#### WHAT TO PRODUCE:
Return the listing below exactly. Leave its pictures out.

#### COLLECTED MATERIAL:
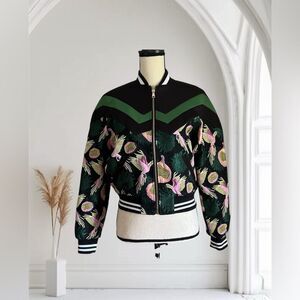 Bebe Black and Green Patterned Bomber Jacket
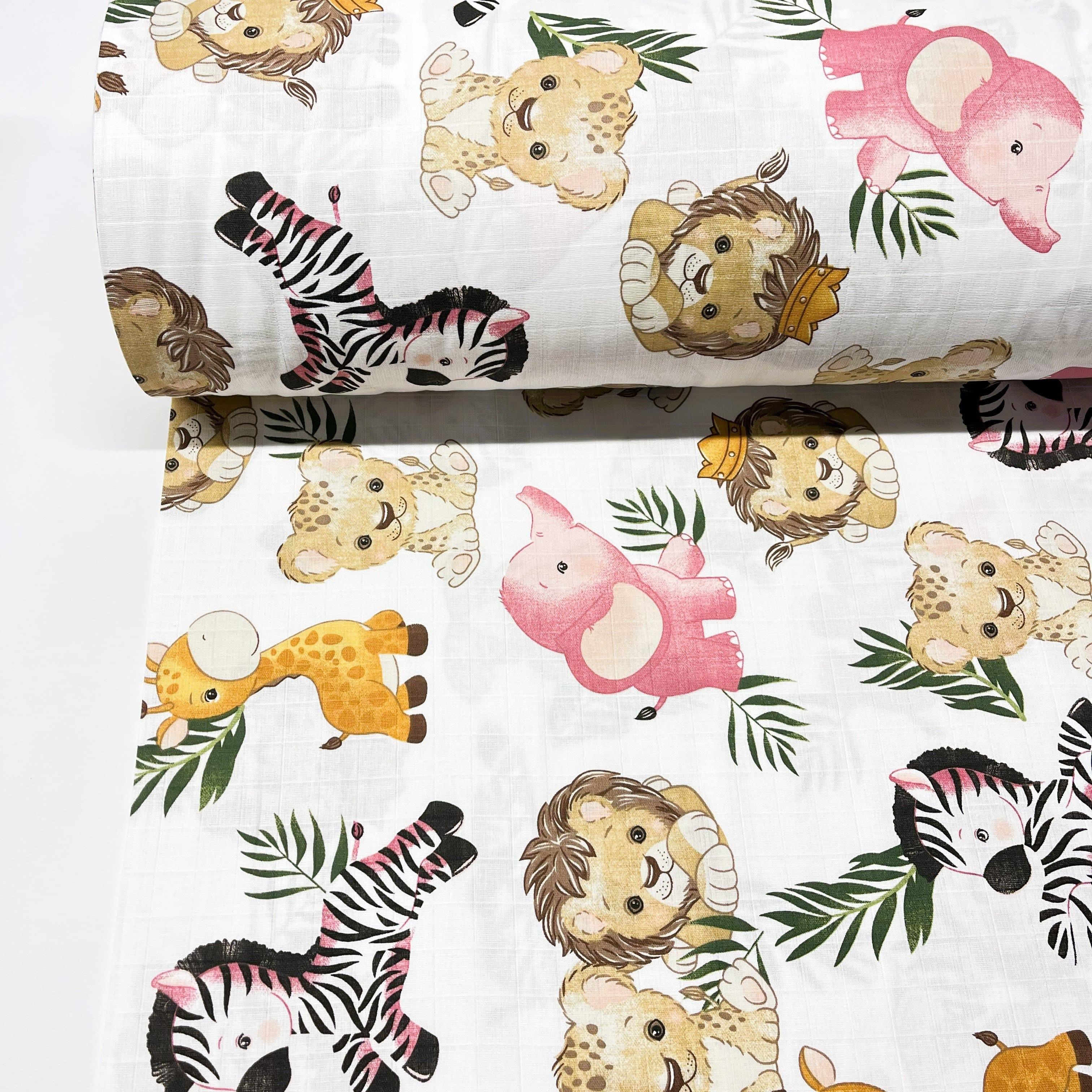 Ткань муслин двухслойный Зверейки в джунглях 160 см (12/27591/4)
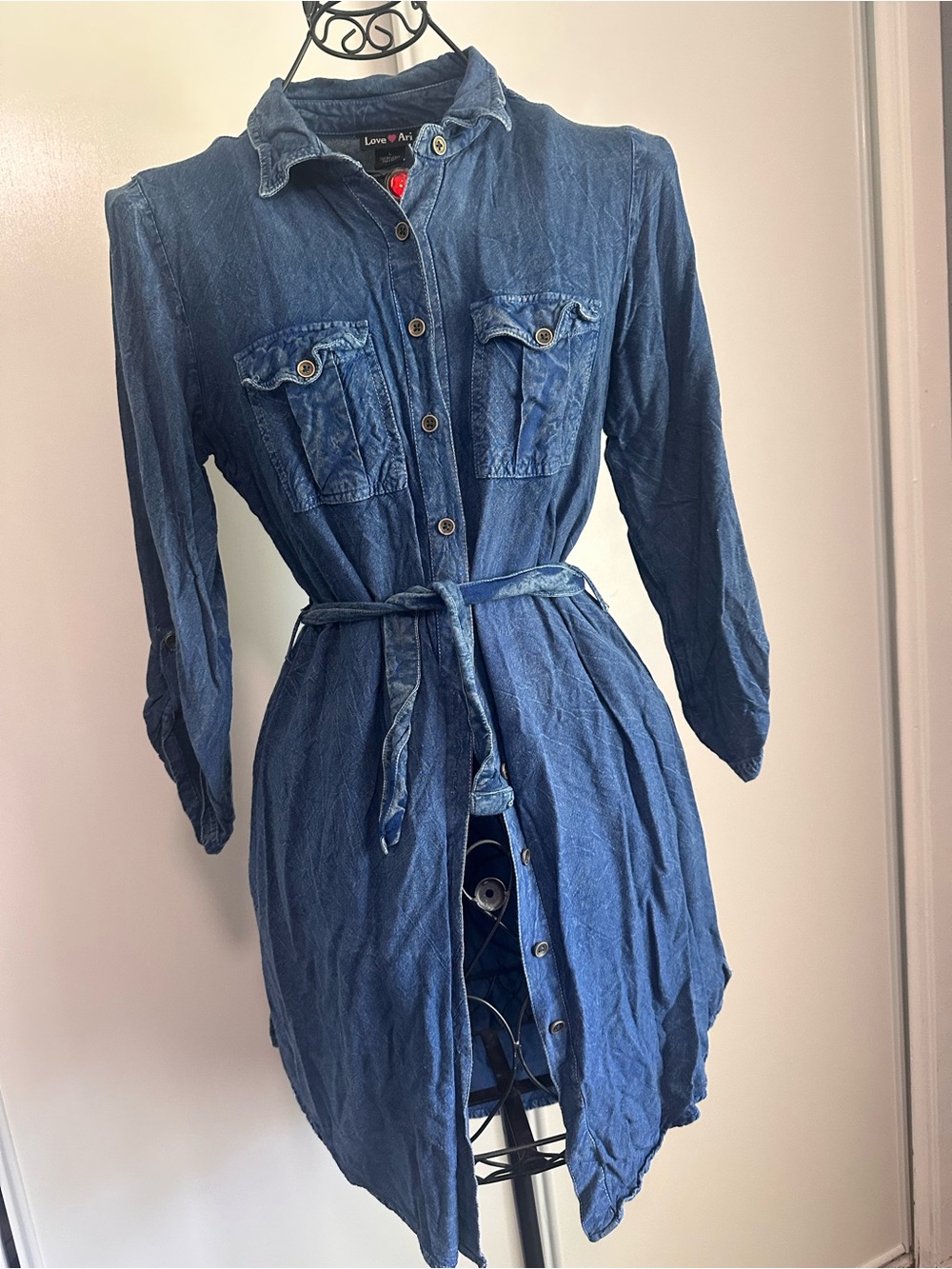 Love Ari Denim-Style Button Shirt - Blue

#### EXERCISE RESULT:
 Bebe Black and Green Patterned Bomber Jacket
 Ткань муслин двухслойный Зверейки в джунглях 160 см (12/27591/4)
 Love Ari Denim-Style Button Shirt - Blue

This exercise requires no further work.